▶ RECORDS SHOWN
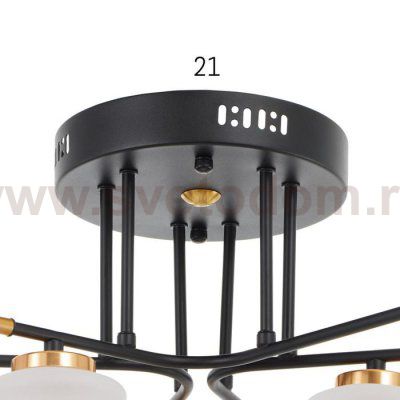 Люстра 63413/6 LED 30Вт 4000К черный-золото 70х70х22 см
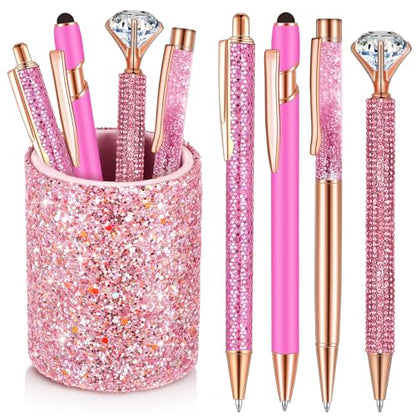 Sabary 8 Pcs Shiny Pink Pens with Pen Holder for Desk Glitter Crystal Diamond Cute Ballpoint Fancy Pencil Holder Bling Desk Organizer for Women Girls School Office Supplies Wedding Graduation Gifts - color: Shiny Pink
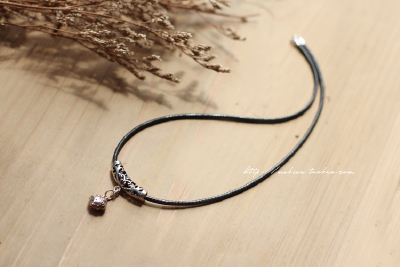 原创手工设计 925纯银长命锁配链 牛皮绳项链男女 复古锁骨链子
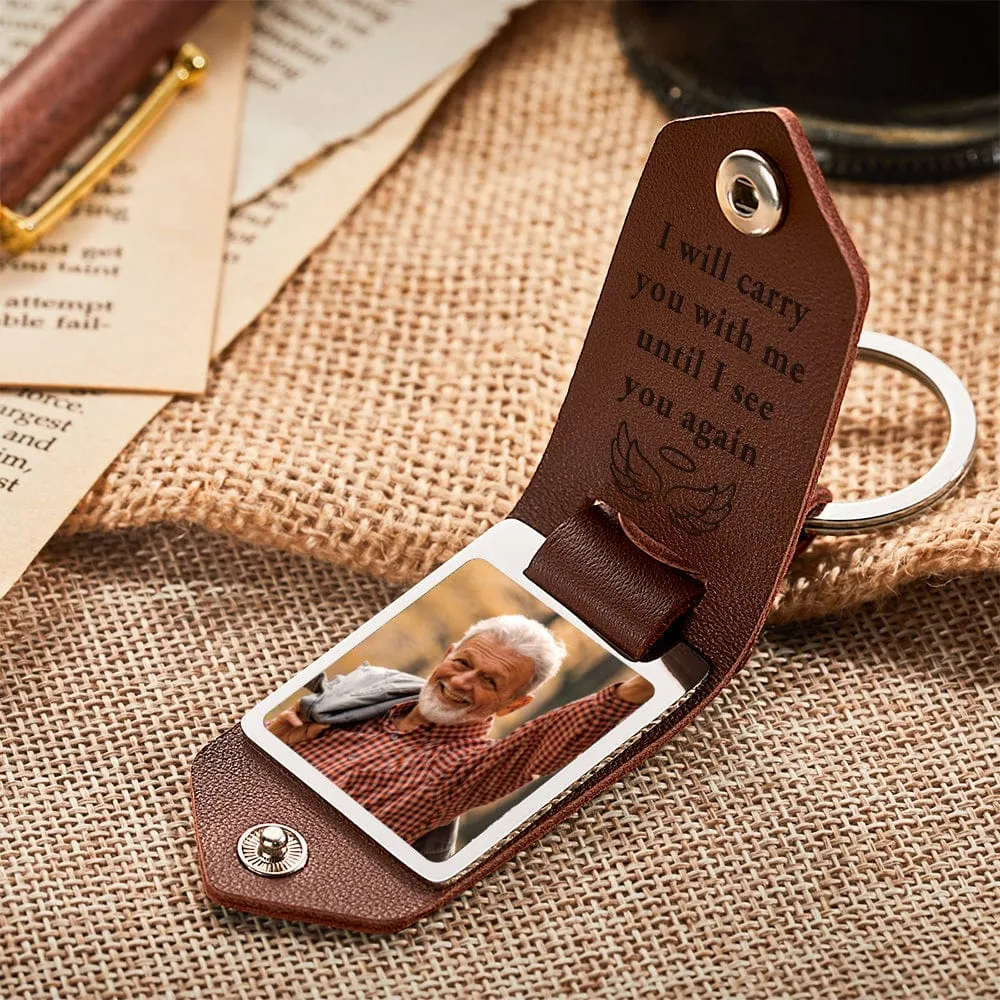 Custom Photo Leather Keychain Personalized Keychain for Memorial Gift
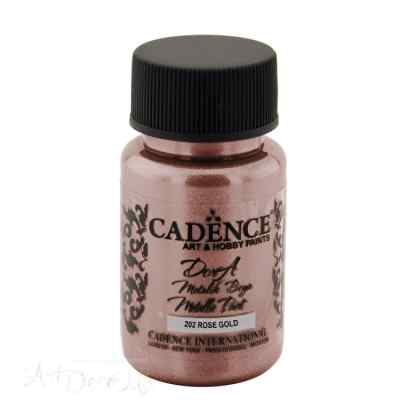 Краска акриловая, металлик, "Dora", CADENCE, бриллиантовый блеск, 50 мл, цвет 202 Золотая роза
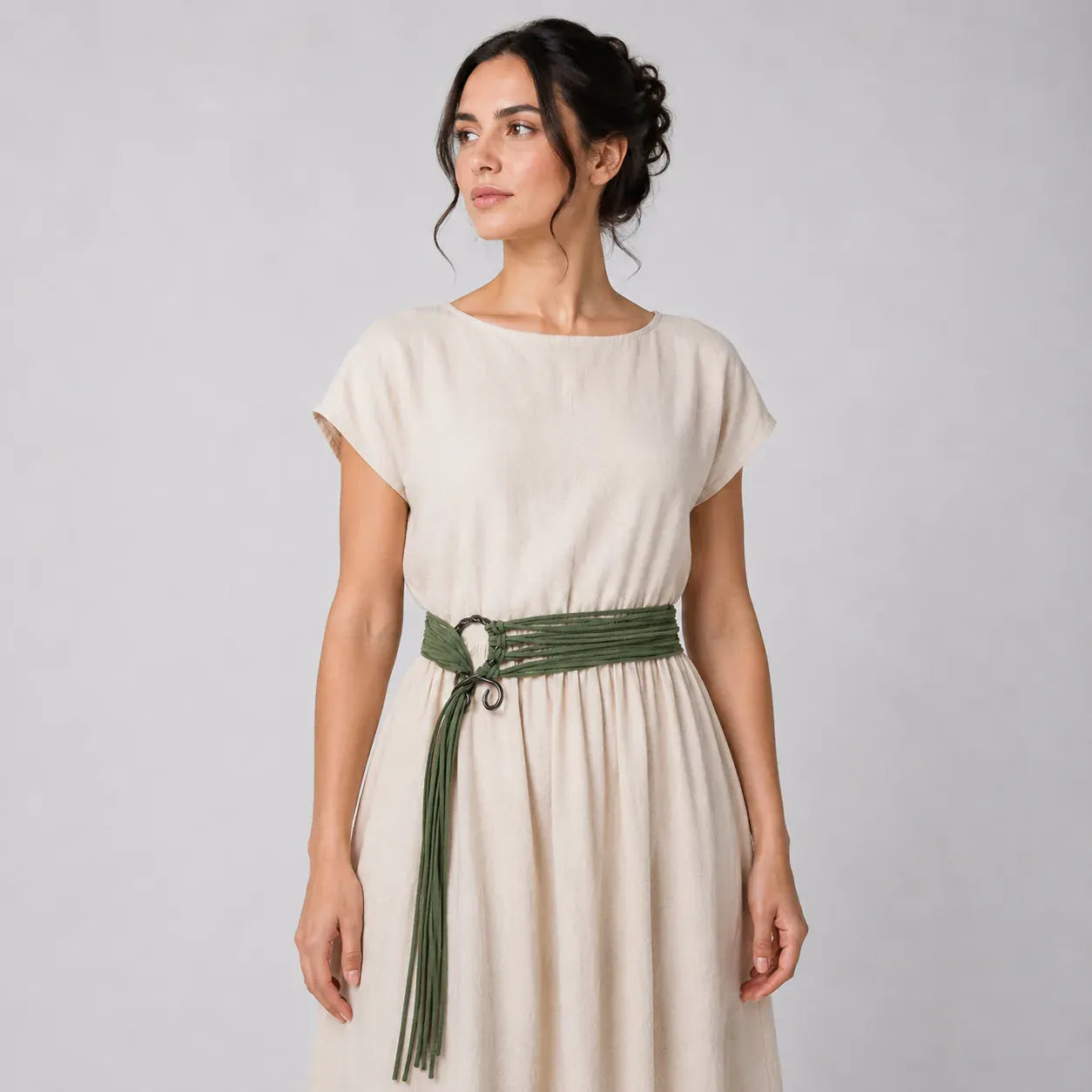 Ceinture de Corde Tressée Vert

▶ WHAT NEEDS TO BE DONE
When you copy the data, keep every line exact and drop the pictures.

▶ EXERCISE RESULT
 Люстра 63413/6 LED 30Вт 4000К черный-золото 70х70х22 см
 Sabary 8 Pcs Shiny Pink Pens with Pen Holder for Desk Glitter Crystal Diamond Cute Ballpoint Fancy Pencil Holder Bling Desk Organizer for Women Girls School Office Supplies Wedding Graduation Gifts - color: Shiny Pink
 原创手工设计 925纯银长命锁配链 牛皮绳项链男女 复古锁骨链子
 Custom Photo Leather Keychain Personalized Keychain for Memorial Gift
 Краска акриловая, металлик, "Dora", CADENCE, бриллиантовый блеск, 50 мл, цвет 202 Золотая роза
 Ceinture de Corde Tressée Vert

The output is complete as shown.